So when I admit them, their insurance companies start questioning medical necessity. The funny thing is I get calls from the case managers to perform a "doc to doc" to convince their insurance carriers to consider the admission as inpatient and not observation. Then there are truly sick patients in the ER who are waiting for a bed for hours and hours; since the beds upstairs are occupied. Also, admitted patients are at risk for developing hospital acquired infections, delirium, pressure injuries and falls.

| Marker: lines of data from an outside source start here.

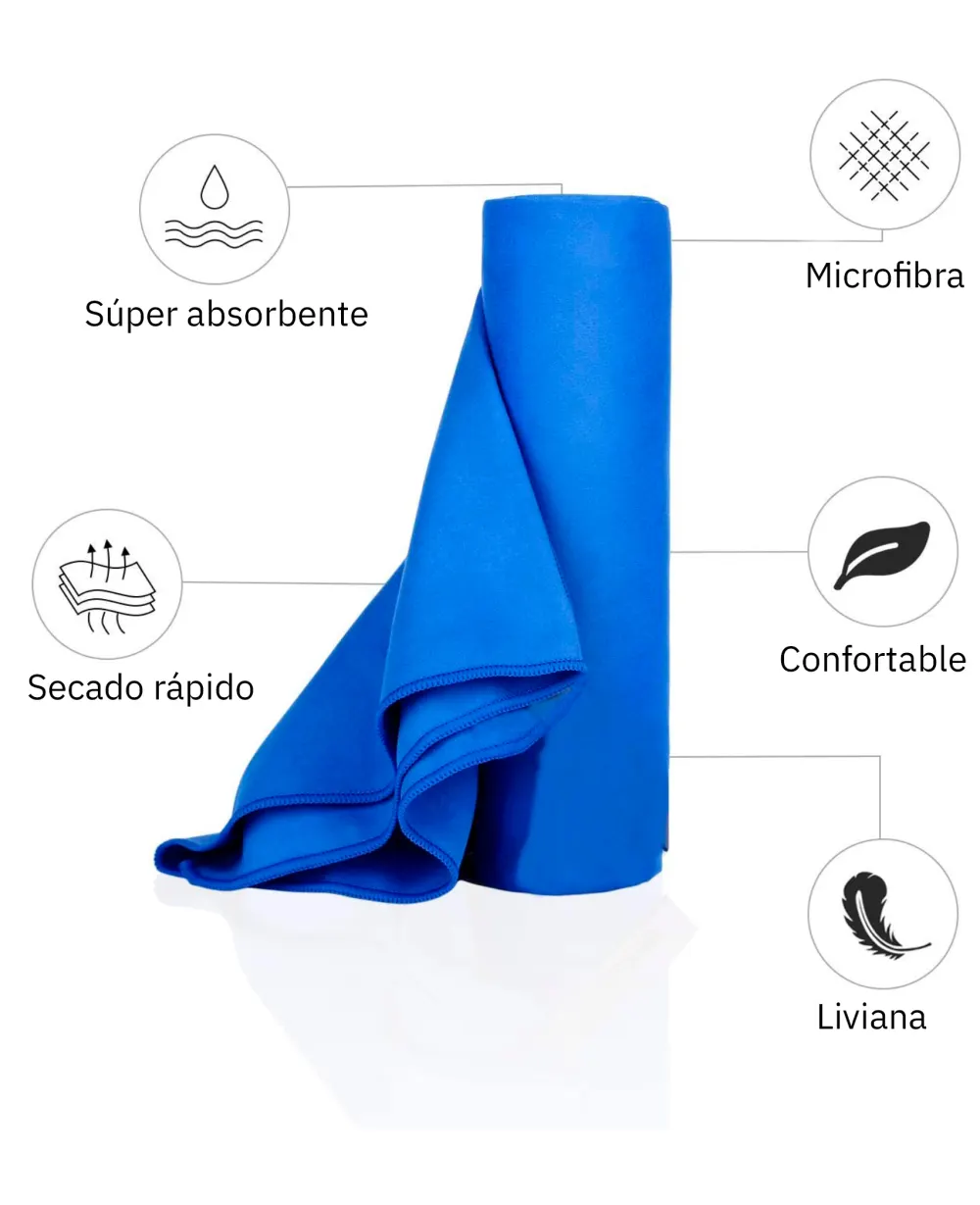 TOALLA MICROFIBRA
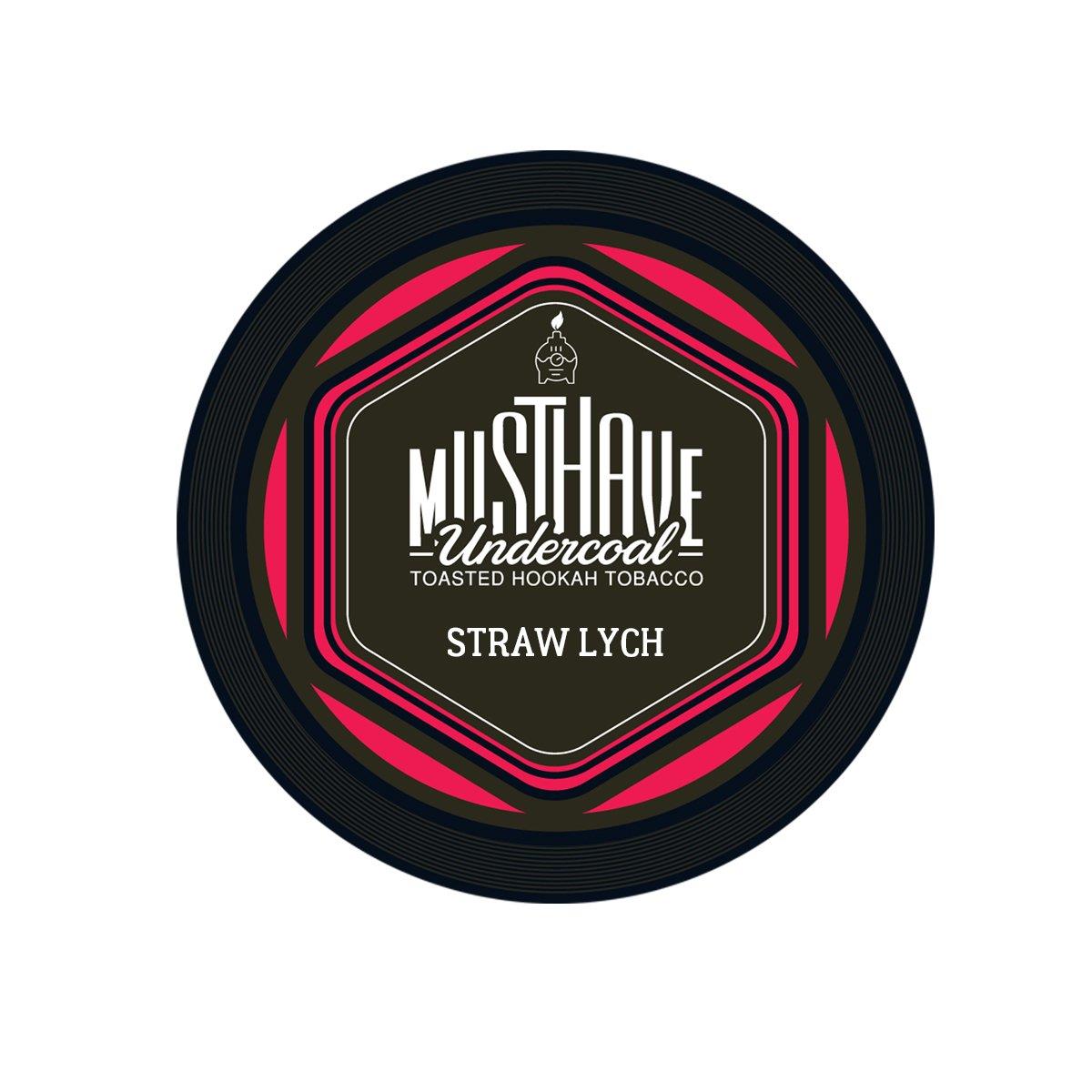 Musthave Tobacco - STRAW LYCH - 200g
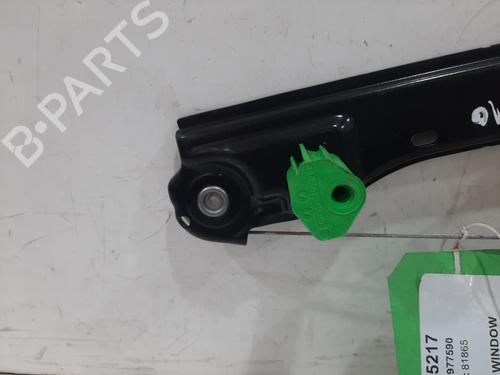 Rear right window mechanism JAGUAR I-PACE (X590) EV400 AWD | BP29882288C25
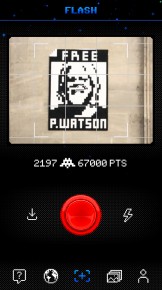 PA-1521 - Free that man ! - Free Paul Watson ! - Quartier du Triangle d'Or 08è /// 40 pts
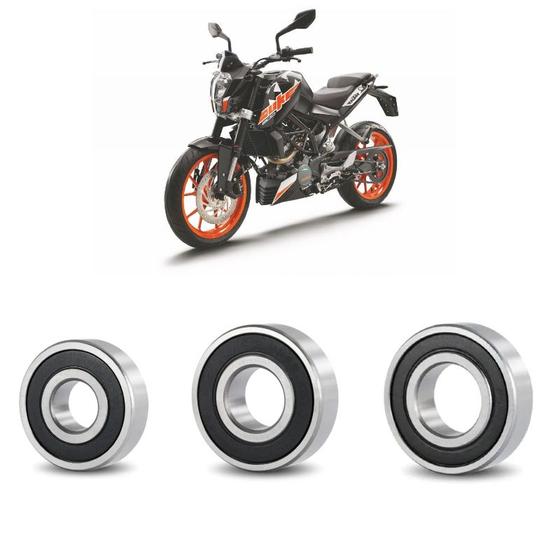 Imagem de Rolamentos Roda Traseira KTM Duke 200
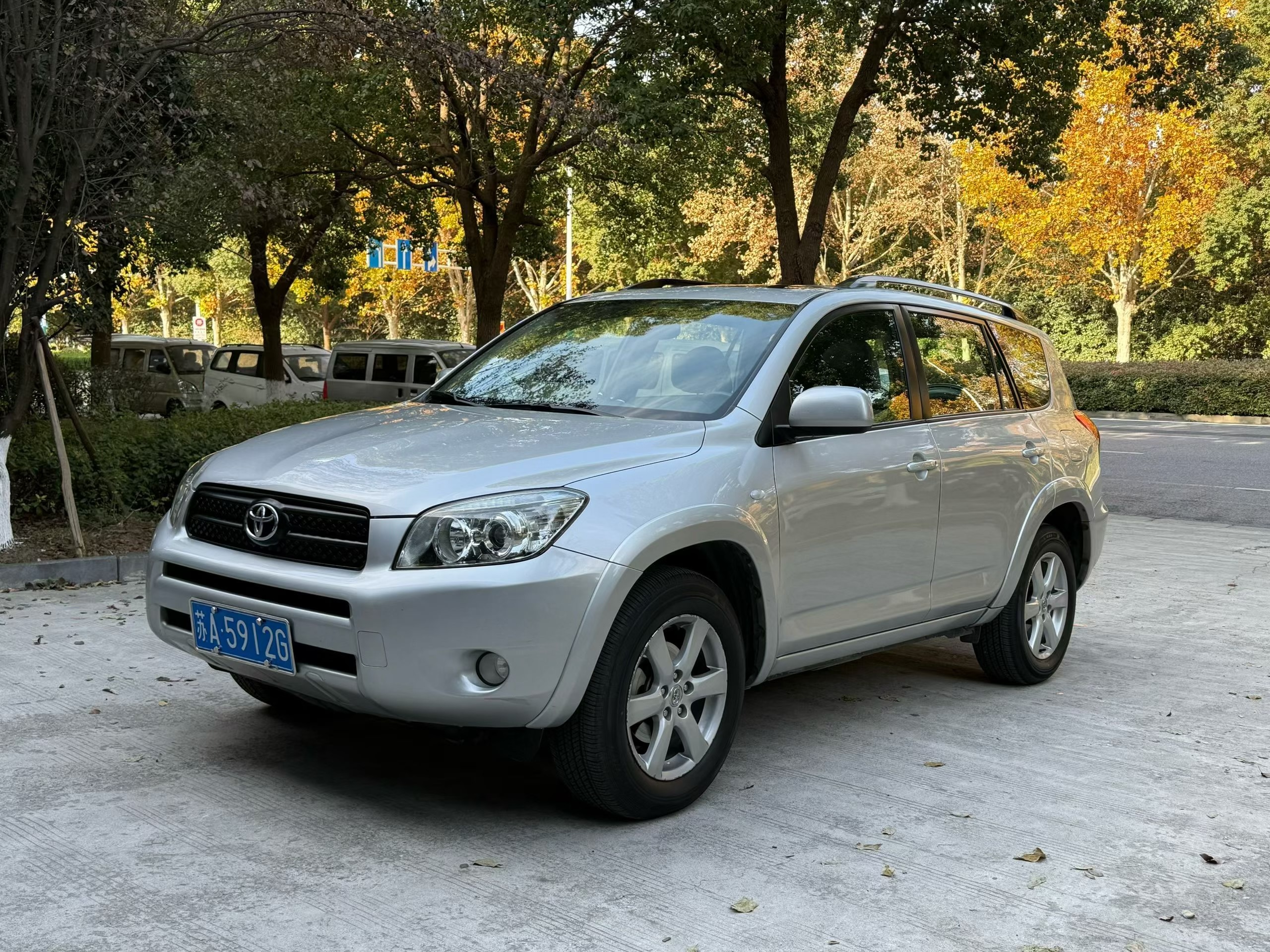 Toyota RAV4 (Imported) 2007 image de voiture #2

I have worked at other hospitals and never saw such meddling by management.

Any thoughts on this?

I know of a tertiary care teaching hospital in the northeast where something similar to this occurs frequently. The ER is encouraged to consistently admit patients that don't require hospitalization. It is always a "code bed". Sick patients that actually require hospitalization are frequently stuck in the ED waiting for beds and patients that don't need to be there are constantly frustrated because they are in a hospital and don't need to be in a hospital. Because the patients are frustrated the staff is frustrated. It is extremely frustrating for residents to admit someone to the hospital that has no true indication for hospitalization.

It is a money making scheme and a blatant abuse of healthcare dollars, and hospitals that are playing this game need to be held liable for doing this. Unfortunately, I think this is only going to get worse over the next several years as the "hospitalism" of medicine continues.
 
I've never heard of this before. At the 3 hospitals I trained at in residency, I'm used to the case managers pushing to discharge the pt, never the other way around.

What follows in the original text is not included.